**Task objective**
Look through the data below for the line with "A modern living" and the line with "statues of the kids playing in the park", then output those two and all lines in between, exactly as written.

**Material for the task**
BEGIN
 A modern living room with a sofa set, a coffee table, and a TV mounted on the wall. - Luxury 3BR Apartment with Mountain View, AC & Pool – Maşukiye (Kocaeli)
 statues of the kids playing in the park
END
BEGIN
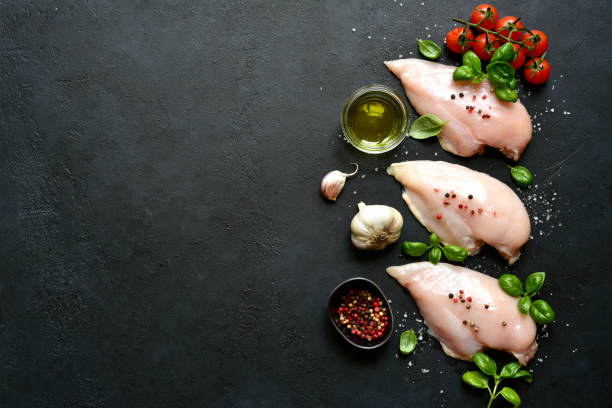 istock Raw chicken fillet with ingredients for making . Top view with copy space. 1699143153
END
BEGIN
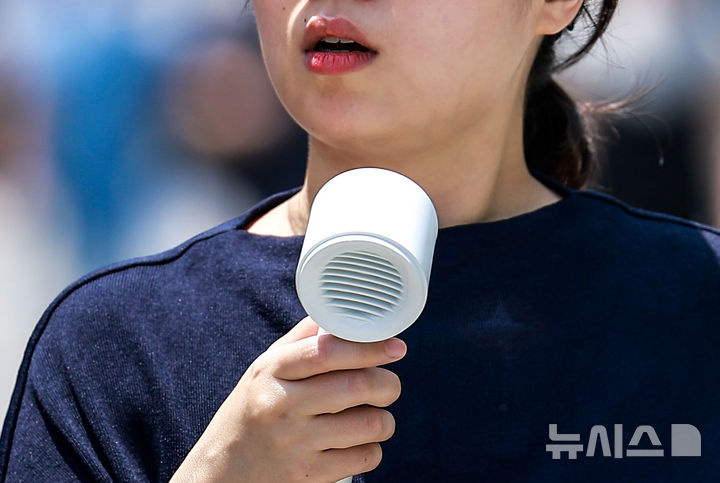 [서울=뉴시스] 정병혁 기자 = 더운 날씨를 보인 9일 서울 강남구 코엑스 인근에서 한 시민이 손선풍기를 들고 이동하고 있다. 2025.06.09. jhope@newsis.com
END
**Answer for this exercise**
 A modern living room with a sofa set, a coffee table, and a TV mounted on the wall. - Luxury 3BR Apartment with Mountain View, AC & Pool – Maşukiye (Kocaeli)
 statues of the kids playing in the park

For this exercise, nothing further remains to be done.